Ruby, Named Capture Groups and Local Variables

Tue, Oct 1, 2013

Ruby’s regular expressions support named capture groups, since 1.9. However, there is a weird behaviour while using named capture groups with the Regexp#=~ method. When named capture groups are used with =~, the captured values are placed in local variables with the same name as the capture group. The following example demonstrates this:

#!/usr/bin/env ruby

month = "January"
test_string = "Today's date is: 9/28/2013."
/(?<month>\d{1,2})\/(?<day>\d{1,2})\/(?<year>\d{4})/ =~ test_string
puts month.inspect

This when executed will print 9.

The official documentation 1 says:

When named capture groups are used with a literal regexp on the left-hand side of an expression and the =~ operator, the captured text is also assigned to local variables with corresponding names.

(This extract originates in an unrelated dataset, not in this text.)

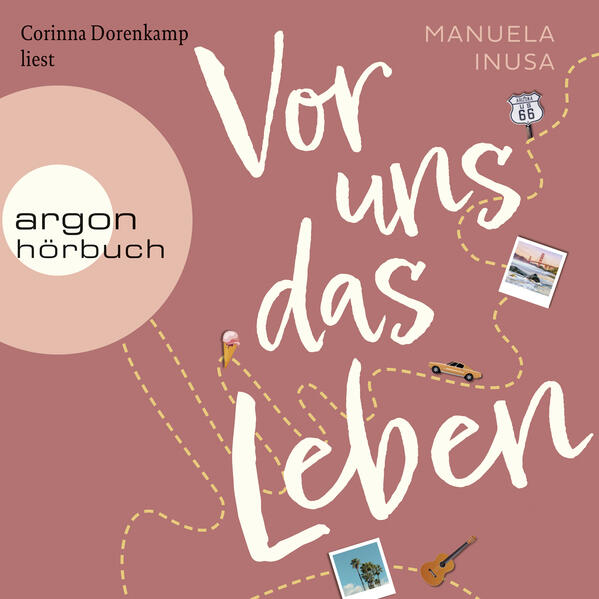 Vor uns das Leben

This local variable assignment does not happen if the regular expression is on the right-hand side of the expression or the regular expression contains a variable interpolation.

Regexp on right-hand side

#!/usr/bin/env ruby

month = "January"
test_string = "Today's date is: 9/28/2013."
test_string =~ /(?<month>\d{1,2})\/(?<day>\d{1,2})\/(?<year>\d{4})/
puts month.inspect

This will print January.

Regexp with interpolation

#!/usr/bin/env ruby

month = "January"
DAY = "day"
test_string = "Today's date is: 9/28/2013."
/(?<month>\d{1,2})\/(?<#{DAY}>\d{1,2})\/(?<year>\d{4})/ =~ test_string
puts month.inspect

This will print January.

This behaviour is present only for the Regexp#=~ method and not for Regexp#match. So it is safer to use the latter without worrying about unintended side effects.

PS: Hat tip to Tejas for telling me about this quirk.